Kisah YM dan IP, Dua Korban TPPO dengan Modus Pernikahan

Rabu, 17/07/2019 09:08 WIB
YM dan IP saat memberika keterangan kepada media di Jakarta (law-justice.co/Januardi Husin)

YM dan IP saat memberika keterangan kepada media di Jakarta (law-justice.co/Januardi Husin)

law-justice.co - YM (28) dan IP (14), berhasil dipulangkan oleh Serikat Buruh Migran Indonesia (SBMI) dari Tiongkok, pada Sabtu (13/7/2019) lalu. Keduanya adalah Korban Tindak Pidana Perdagangan Orang (TPPO) dengan modus pernikahan.  

Tidak terbayangkan oleh YM dan IP, perempuan asal Dusun Tapang Sebeloh, Kecamatan Sekayam, Kabupaten Sanggau, Kalimantan Barat, bahwa nasib mereka bakal seperti ini. Diiming-imingi menikah dengan laki-laki mapan asal Tiongkok, tapi malah disiksa dan dipekerjakan tanpa dibayar. Keduanya sadar, lalu mengusahakan diri untuk pulang ke Indonesia.

YM bercerita, ia pertama kali mendapat tawaran untuk menikah dengan orang Tiongkok pada bulan Juli 2018. Di Desa Balai karangan, Kecamatan Sekayam, Kabupaten Sanggau, Kalimantan Barat, ia diperkenalkan kepada seorang mak comblang, sebutan kepada orang-orang yang mencari perempuan untuk dinikahkan dengan laki-laki asal Tiongkok.

Berbagai tawaran menggiurkan keluar dari mulut mak comblang untuk meyakinkan YM. Walaupun menikah dengan orang asing, hidupnya dijamin bakal sejahtera. YM juga dijanjikan boleh pulang ke Indonesia, kapanpun ia mau.

“Dijanjikan, katanya menikah dengan orang sana tu hidupnya enak. Dijanjikan juga dibelikan rumah dan uang mahar Rp 20 juta. Akan terjamin masa depan dan keluarga.

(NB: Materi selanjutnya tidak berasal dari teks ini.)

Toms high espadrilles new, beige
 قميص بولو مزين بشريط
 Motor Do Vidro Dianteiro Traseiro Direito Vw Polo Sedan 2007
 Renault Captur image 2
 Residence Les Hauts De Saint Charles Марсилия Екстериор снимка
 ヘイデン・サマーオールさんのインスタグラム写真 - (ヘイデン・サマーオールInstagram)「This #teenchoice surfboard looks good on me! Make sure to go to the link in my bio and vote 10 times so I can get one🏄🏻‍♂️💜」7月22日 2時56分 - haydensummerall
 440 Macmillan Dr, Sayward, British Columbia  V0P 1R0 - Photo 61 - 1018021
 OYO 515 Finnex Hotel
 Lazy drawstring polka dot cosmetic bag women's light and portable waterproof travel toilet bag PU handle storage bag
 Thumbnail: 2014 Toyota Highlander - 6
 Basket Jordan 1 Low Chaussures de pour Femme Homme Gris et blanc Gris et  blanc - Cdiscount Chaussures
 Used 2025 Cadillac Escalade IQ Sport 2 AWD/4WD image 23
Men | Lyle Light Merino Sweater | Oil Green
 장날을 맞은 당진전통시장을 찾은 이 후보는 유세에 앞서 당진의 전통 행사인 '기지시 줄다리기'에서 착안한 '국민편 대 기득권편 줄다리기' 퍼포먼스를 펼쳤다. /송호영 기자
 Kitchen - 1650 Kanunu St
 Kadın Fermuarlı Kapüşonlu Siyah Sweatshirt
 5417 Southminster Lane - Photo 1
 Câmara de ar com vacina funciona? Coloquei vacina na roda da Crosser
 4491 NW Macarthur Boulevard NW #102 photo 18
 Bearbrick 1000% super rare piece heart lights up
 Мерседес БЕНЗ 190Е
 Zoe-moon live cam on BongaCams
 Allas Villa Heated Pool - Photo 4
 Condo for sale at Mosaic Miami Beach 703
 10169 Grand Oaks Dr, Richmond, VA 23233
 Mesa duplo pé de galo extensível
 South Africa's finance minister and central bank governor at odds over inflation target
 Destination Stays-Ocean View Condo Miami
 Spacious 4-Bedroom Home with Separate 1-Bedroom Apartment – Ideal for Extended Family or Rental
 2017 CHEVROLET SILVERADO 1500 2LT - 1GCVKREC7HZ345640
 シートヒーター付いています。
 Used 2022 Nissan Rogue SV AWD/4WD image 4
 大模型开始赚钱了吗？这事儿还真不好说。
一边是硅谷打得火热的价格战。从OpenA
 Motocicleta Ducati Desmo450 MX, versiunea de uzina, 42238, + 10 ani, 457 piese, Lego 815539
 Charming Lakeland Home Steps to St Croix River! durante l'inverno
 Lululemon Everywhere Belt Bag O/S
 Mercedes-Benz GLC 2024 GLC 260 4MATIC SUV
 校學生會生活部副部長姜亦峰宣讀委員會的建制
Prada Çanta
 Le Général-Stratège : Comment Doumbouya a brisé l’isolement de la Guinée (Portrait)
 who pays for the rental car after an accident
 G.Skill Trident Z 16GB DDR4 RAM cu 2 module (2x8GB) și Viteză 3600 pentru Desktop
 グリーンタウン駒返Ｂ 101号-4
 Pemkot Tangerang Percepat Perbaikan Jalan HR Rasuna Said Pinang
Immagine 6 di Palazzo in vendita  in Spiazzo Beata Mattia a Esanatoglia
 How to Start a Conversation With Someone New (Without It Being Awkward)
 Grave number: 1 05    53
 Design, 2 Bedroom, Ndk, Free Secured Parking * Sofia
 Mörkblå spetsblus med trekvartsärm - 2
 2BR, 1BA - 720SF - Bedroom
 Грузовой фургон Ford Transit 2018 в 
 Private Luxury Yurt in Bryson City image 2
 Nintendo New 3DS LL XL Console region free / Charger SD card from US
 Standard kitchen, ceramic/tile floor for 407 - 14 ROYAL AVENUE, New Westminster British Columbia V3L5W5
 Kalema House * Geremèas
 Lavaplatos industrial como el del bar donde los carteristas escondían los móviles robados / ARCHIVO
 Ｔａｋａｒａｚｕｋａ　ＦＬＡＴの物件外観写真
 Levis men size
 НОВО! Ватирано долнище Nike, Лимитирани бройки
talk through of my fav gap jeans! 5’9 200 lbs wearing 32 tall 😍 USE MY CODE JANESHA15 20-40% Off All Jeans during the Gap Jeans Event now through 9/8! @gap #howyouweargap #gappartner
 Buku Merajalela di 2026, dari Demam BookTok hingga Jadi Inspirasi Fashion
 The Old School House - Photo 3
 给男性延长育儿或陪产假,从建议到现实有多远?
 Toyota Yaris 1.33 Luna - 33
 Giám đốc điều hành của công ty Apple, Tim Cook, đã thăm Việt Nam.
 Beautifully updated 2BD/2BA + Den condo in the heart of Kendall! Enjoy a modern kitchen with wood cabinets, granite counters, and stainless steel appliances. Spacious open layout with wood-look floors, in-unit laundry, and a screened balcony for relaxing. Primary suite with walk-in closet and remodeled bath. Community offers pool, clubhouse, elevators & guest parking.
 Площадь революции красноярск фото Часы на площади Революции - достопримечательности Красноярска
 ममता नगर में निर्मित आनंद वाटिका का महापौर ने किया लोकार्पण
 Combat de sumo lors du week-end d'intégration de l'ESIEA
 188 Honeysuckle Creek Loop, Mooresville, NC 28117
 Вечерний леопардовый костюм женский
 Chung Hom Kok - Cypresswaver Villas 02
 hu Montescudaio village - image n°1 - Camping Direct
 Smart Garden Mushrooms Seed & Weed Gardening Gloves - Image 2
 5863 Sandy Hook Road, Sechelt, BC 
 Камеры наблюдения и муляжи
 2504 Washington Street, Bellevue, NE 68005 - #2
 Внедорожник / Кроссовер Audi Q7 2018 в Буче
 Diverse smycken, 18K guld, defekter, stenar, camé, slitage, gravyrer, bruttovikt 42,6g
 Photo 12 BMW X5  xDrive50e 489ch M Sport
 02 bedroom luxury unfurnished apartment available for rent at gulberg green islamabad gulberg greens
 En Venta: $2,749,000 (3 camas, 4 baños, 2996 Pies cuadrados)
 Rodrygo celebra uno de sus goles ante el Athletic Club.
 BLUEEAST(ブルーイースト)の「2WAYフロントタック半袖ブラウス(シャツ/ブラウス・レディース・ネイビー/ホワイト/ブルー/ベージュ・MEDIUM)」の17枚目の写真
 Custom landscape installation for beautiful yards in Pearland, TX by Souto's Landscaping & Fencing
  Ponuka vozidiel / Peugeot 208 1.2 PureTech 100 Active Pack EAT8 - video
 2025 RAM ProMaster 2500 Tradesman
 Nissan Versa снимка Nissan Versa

Tiap bulan bisa kirim keluarga Rp 5 juta,” tutur YM kepada wartawan saat menggelar konferensi pers di sekretariat SBMI, Pancoran, Jakarta Selatan, Selasa (16/7/2019).  

Demi meyakinkan omongannya, comblang datang menemui keluarga YM dan memberikan uang tunai Rp 12 juta. YM pun dibuat percaya dan diterbangkan ke Jakarta.

Setibanya di Jakarta, YM dipertemukan dengan calon suaminya, orang asli Tiongkok yang tidak bisa berbahasa Indonesia. Seminggu kemudian, pada tanggal 21 juli 2018, YM diterbangkan ke Tiongkok.

“Saya tidak tahu itu daerah mana. Namanya apa saya tidak dikasih tahu. Saya kaget karena di sana saya tinggalnya juga di kampung. Sama seperti kita di sini. Tidak seperti yang dijanjikan,” ujar YM.

YM tinggal serumah dengan keluarga suaminya, di sebuah perkampungan di Tiongkok. Jauh panggang dari api. Alih-alih diperlakukan sebagai istri yang sejahtera, selama di sana YM malah dipaksa untuk bekerja tanpa menerima upah sepeserpun.

Oleh suami dan mertuanya, ia harus bekerja membuat sebuah karangan bunga, mulai pukul 07.00 pagi sampai pukul 08.00 malam waktu setempat.  

Jika melakukan satu kesalahan kecil, ia kerap menerima siksaan. Dipukul, ditendang, tidak diberi makan, sampai dipaksa tidur di luar rumah.

“Kita bukan diperistrikan, tapi diperbudak. Enggak pernah saya hidup seperti itu. Saya kerja tapi uangnya untuk mereka. Mereka itu kejam, saya diperlakukan seperti robot,” kata YM, sambil terisak.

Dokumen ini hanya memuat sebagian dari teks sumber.